Expression templates are a clever technique to avoid temporaries during the
evaluation of matrix/vector expressions. While avoiding temporaries can
speed up the evaluation, it can also increase the number of operations
dramatically. Consider the example A*B*v, where A and B are matrices and v
is a vector. First take the case without expression templates. The
expression should be evaluated as A*(B*v), because then you have only two
matrix/vector products. Taking all dimensions as N, this will lead to 2*N^2
flops. If you evaluate it as (A*B)*v, you have one matrix/matrix product and
one matrix/vector product, which is much worse in terms of number of
operations, namely N^3+N^2. Now do the same thing with expression templates.

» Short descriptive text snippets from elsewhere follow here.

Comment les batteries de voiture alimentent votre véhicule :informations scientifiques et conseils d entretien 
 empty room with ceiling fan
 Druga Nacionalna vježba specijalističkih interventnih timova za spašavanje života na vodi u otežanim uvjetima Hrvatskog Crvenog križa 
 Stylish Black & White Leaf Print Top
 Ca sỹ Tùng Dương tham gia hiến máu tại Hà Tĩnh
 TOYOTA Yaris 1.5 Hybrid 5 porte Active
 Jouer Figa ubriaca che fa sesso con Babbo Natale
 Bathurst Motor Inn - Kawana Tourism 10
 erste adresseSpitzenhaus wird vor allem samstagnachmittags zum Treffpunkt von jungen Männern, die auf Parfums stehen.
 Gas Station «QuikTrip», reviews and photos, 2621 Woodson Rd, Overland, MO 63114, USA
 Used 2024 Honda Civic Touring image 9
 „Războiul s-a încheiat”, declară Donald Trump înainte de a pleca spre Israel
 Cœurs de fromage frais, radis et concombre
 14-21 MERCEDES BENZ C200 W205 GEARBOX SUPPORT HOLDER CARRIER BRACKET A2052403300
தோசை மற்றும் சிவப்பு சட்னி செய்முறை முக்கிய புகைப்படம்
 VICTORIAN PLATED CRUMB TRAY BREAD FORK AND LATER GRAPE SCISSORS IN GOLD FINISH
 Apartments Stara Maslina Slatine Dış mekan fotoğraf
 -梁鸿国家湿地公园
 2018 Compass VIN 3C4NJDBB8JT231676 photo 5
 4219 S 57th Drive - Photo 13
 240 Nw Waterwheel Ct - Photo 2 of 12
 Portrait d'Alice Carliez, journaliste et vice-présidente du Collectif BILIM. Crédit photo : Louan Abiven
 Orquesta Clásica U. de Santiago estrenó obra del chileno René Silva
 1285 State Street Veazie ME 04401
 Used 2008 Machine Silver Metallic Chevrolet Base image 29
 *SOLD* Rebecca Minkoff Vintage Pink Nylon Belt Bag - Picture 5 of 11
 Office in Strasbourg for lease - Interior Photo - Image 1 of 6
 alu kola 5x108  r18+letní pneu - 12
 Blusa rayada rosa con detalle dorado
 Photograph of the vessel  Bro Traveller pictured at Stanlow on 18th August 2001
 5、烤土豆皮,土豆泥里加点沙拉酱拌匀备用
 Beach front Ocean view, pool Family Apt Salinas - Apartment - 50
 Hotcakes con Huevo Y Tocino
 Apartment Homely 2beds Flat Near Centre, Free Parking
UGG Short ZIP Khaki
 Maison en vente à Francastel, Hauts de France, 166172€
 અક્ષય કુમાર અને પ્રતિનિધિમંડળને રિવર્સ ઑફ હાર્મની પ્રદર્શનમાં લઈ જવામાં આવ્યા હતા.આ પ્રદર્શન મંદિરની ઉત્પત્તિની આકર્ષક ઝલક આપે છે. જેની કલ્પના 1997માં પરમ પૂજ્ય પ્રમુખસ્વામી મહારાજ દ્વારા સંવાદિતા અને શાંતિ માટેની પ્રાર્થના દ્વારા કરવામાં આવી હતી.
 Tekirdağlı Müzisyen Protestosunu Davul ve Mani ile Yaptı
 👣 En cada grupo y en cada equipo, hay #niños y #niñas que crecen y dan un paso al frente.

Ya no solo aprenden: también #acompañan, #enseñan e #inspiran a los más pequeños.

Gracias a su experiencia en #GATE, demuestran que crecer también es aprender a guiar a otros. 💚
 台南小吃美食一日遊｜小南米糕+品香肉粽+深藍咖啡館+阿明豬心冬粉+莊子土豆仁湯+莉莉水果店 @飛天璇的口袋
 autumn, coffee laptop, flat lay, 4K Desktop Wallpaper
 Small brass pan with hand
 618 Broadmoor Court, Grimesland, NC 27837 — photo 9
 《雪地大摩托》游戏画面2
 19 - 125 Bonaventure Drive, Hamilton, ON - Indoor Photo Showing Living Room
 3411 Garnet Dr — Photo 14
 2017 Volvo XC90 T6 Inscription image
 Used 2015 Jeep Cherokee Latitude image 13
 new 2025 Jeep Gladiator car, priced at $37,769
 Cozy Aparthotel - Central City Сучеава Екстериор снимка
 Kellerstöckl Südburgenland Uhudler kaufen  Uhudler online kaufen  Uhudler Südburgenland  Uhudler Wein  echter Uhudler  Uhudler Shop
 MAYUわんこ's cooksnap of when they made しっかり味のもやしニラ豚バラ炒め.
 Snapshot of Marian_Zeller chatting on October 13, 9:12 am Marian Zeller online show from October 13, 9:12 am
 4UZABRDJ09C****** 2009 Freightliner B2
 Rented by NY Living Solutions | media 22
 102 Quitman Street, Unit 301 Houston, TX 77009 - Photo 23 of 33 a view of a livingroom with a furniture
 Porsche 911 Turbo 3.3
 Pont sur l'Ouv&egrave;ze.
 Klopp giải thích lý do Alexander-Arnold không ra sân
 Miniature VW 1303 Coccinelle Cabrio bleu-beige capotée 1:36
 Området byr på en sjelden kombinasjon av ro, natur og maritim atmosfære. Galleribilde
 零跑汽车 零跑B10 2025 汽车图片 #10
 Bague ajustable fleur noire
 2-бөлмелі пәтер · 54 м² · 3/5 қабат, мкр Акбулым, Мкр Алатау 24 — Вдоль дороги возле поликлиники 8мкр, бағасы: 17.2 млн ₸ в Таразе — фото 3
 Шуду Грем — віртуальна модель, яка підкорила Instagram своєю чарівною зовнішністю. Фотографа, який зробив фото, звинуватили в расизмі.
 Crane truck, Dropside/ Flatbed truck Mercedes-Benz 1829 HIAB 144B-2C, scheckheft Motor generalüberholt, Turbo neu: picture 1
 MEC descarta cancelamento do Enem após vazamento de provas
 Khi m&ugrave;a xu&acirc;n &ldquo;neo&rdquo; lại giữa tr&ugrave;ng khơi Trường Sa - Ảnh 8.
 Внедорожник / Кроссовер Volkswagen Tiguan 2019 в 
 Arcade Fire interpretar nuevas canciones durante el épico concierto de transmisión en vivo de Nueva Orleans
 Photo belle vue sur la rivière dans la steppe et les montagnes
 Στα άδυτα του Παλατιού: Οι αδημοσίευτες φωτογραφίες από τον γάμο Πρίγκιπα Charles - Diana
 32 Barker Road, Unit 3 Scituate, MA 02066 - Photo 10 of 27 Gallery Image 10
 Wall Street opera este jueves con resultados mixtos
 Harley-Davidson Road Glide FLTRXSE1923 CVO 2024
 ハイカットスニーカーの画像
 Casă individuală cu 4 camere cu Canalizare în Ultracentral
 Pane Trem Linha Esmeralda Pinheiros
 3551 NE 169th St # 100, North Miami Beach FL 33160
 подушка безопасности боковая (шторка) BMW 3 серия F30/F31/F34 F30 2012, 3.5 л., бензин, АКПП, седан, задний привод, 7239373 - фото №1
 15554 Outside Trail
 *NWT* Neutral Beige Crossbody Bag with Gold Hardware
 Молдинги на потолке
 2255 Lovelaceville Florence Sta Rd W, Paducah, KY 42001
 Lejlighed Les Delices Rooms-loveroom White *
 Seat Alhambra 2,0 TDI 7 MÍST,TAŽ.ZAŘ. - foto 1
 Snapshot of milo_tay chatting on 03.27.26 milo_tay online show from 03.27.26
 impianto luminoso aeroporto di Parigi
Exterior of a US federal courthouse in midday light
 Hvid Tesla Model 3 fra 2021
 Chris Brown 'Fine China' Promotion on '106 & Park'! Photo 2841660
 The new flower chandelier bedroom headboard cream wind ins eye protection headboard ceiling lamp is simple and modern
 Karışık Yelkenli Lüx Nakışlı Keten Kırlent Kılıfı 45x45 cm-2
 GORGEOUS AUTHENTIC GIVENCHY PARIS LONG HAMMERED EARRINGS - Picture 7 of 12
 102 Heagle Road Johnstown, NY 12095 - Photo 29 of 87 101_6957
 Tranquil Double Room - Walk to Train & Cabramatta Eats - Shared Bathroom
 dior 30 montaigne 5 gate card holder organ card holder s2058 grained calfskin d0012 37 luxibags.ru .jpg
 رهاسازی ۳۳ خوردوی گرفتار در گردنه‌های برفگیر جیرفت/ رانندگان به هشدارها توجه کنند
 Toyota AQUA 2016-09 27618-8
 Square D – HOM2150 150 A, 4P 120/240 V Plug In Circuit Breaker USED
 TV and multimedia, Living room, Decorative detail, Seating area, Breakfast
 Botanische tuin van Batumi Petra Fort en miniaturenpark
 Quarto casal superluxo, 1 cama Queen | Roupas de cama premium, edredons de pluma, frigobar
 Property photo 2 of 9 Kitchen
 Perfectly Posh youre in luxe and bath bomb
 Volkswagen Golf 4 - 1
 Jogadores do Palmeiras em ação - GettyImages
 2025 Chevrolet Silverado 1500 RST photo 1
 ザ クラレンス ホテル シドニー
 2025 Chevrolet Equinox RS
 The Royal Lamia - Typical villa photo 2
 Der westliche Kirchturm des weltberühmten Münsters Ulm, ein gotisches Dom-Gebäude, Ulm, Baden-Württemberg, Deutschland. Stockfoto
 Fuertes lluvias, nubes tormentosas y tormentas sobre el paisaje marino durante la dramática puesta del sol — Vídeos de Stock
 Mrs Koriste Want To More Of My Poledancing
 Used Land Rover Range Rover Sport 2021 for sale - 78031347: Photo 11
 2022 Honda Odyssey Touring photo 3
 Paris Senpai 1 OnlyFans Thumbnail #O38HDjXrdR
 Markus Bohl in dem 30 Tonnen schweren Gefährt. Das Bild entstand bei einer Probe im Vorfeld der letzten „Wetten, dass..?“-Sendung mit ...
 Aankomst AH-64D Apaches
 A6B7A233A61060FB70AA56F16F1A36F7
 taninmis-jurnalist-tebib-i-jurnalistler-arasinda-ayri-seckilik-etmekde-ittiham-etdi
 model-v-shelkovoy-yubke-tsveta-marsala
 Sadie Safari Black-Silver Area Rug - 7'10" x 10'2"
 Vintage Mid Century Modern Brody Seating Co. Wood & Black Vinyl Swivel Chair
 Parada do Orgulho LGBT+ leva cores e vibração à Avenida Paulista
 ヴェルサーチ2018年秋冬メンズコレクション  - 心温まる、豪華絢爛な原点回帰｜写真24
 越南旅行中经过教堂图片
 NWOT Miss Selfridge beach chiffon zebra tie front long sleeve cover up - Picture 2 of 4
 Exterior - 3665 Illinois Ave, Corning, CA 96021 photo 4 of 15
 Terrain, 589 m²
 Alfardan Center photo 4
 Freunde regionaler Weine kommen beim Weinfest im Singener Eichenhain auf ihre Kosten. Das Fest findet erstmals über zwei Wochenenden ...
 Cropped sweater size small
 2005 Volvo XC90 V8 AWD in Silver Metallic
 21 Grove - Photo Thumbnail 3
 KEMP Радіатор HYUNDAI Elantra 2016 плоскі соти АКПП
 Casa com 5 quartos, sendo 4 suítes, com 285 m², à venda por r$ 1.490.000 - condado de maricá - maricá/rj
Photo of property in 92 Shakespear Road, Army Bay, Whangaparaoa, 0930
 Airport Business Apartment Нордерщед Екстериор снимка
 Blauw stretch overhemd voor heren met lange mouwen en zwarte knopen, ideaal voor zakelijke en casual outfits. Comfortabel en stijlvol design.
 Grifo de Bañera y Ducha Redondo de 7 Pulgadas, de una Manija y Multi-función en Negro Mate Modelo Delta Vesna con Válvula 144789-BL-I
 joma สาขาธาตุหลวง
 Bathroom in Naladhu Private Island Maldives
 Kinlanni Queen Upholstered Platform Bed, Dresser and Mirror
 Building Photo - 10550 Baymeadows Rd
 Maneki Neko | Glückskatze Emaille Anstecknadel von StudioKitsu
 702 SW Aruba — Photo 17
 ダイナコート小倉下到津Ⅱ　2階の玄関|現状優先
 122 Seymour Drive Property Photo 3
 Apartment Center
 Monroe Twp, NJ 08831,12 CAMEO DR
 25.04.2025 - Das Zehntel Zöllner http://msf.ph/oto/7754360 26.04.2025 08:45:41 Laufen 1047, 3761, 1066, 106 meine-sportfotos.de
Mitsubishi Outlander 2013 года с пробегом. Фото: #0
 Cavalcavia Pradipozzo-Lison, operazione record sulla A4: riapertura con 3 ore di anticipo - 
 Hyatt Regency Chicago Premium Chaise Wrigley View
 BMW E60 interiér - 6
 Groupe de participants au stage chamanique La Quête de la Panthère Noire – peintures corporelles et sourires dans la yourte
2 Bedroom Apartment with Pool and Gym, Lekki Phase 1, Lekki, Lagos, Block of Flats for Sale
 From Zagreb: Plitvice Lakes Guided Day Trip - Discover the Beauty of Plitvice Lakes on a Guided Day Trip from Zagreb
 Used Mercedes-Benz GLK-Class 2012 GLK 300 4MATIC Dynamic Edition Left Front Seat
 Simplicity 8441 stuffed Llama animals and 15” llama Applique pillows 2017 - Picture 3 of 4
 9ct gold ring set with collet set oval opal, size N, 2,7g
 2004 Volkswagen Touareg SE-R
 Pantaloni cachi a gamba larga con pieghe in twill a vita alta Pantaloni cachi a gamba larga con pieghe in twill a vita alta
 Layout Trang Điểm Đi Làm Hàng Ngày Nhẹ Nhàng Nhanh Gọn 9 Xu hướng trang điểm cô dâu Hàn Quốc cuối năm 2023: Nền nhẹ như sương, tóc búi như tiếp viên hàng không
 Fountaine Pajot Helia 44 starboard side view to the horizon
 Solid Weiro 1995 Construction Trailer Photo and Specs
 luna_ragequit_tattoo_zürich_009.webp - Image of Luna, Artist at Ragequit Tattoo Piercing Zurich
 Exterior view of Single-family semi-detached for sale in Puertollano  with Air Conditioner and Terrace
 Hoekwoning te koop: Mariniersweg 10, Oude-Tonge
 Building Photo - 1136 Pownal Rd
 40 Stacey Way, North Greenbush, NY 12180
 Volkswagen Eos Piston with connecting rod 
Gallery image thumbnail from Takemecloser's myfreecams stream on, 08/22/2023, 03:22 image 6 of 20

Evaluating A*(B*v) will lead to N^3 flops, because the vector B*v is not
stored as a temporary but recalculated N times. Evaluating (A*B)*v also
gives N^3 flops, because each matrix row in (A*B) is evaluated N times. So
with expression templates the performance is much worse than without. On my
Pentium 3, taking N=100 and evaluating the expression 1000 times takes
_with_ expression templates (#define NUMERICS_USE_ET):
 A*(B*v): 6.59 s
(A*B)*v): 7.39 s
and _without_ expression templates:
 A*(B*v): 0.21 s
(A*B)*v): 13.62 s
Considering only the number of operations, the last number should
theoretically be of the same order as the calculations with expression
templates, so we gain a factor of 2 here from expression templates. But this
depends on how efficient the evaluation is done without expression
templates. It's quite tricky to understand what's going on exactly from the
code, and I did not get it yet up to now. I did the calulations with
Codewarrior because MSVC gives internal compiler errors, as also indicated
in config.h. (For MSVC, NUMERICS_USE_ET is therefore always defined in
config.h, so be careful.)

As I understand it, and looking at a few tests, neither matrix/matrix
multiplication nor matrix/vector multiplication gain much efficiency from
expression templates. A factor of two was sometimes observed as in the
examples above, but this could be due to an inefficient implementation of
the the case without expression templates (correct me, if I am wrong). So my
first guess is, you should use expression templates only for addition,
subtraction, assignment and scalar multiplication with vectors or matrices
(and, of course, the corresponding +=, -=, *=). I hope it is possible to
have only some of the operations evaluated by expression templates. And I
hope the problem can be solved by just having some operations being treated
differently. If you would have to analyse the whole expression and optimize
it, this would probably be much more involved.

I think this is a serious problem and should be considered in more detail. I
really like the library, especially for its flexibility to evaluate
expressions with matrices of different shapes and different types of entries
and it would be a shame if users could not write down more complicated
expressions without loosing efficiency.